NEW YORK (MainStreet) – When you’re an employer looking to hire or fire, certain criteria are off-limits.
Under Title VII of the Civil Rights Act, it is illegal to discriminate against someone on the basis of race, color, religion, national origin or gender. Subsequent laws have prohibited discrimination based on age, sexual orientation, physical and mental disability, family status and veteran status. Together these constitute the protected classes, and federal law prohibits employers from discriminating on these criteria in hiring or firing or creating a work environment hostile to one of these groups.
There are exceptions, of course. According to the Americans With Disabilities Act, if a disability prevents you from performing the “essential functions or duties” of the job in question – say, if you’re a quadriplegic who wants to work as a welder on a skyscraper project – you’ll have a tough time arguing that the employer needs to accommodate you. But as a general rule, if you belong to one of the protected groups, employers will go out of their way to avoid the appearance of discrimination.

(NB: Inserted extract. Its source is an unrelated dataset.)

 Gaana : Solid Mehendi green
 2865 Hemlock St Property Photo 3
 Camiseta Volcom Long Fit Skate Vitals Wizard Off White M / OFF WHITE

But such laws don’t protect the little guy – literally. Here are a few examples:
If you’re short.
A survey by the University of Pittsburgh found that tall students had starting salaries 12% higher than their shorter peers upon graduation. When such pay disparities are seen among protected groups, they often result in a lawsuit, as was the case in the massive Wal-Mart gender discrimination lawsuit just thrown out by the Supreme Court last month. But height is not a protected class on the federal level, so unless you live in Michigan – the one state that prohibits height discrimination in hiring – there’s not much you can do when you lose out on a job or promotion to a taller candidate. And while racist jokes in the workplace are likely to lead to a discrimination lawsuit for creating a hostile work environment, cracks about your height from co-workers don’t form the basis for litigation.
If you’re overweight.
Overweight Americans are similarly out of luck. The same law that makes height discrimination illegal in Michigan, the Elliott-Larsen Civil Rights Act, likewise prohibits weight discrimination, and last year a former Hooters waitress in the state filed a suit charging that she was placed on “weight probation” during her employment. But the growing number of obese Americans have no recourse on the federal level, despite numerous studies finding instances of workplace discrimination. Late last year the Equal Employment Opportunity Commission filed suit under the ADA on behalf of an obese woman on the theory that her employer perceived her to be disabled. Undoubtedly the obese workers who have lost out on jobs or been subjected to harassment at work will be watching the case closely.
If you’ve done time.
If you’ve spent time in prison and don’t want that to work against you in the hiring process, you don’t have much recourse on the federal level. With that said, some states have adopted laws limiting employers’ ability to screen applicants based on criminal background, presumably on the theory that an ex-con who can’t find a legitimate job on the outside is more likely to return to a life of crime. Massachusetts, for instance, recently changed its laws to ban employers from asking about applicants’ criminal history before an interview.
“It isn’t a protected class per se, but they didn’t want employers to automatically screen out [people with criminal backgrounds], so they limit what you can ask on an initial application,” says Michele Randazzo, an employment lawyer with the Massachusetts law firm Kopelman and Paige PC. “That’s not to say they can’t ask about it in the interview.”
If you’re litigious.
Other types of legal history carry more protection, at least in theory. While employers may be wary of hiring someone with a history of filing discrimination lawsuits against former employers, discriminating on that basis is indeed illegal; Randazzo points to the EEOC compliance manual, which states that “An individual is protected against retaliation for participation in employment discrimination proceedings even if those proceedings involved a different entity.” As such, any company foolish enough to ask a prospective employee if he or she had previously filed such a lawsuit would expose itself to legal liability if it subsequently decided not to hire the person.
Of course, in the age of Google, finding out whether a would-be employee has a history of litigation may not require asking the employee at all, and Randazzo acknowledges the possibility that “someone who has filed a discrimination complaint against a former employer may have a hard time getting hired by another employer.”
Indeed, such gray areas are a concern even if you belong to one of the protected classes. Take age discrimination, for instance. While officially prohibited by law, companies seeking to cut costs may be less inclined to hire more “experienced” workers who would command a higher salary than someone fresh out of college. And as long as the employer doesn’t give any inkling that age (rather than salary) is the deciding factor, Randazzo says an aging worker would have a tough time proving illegal discrimination has occurred.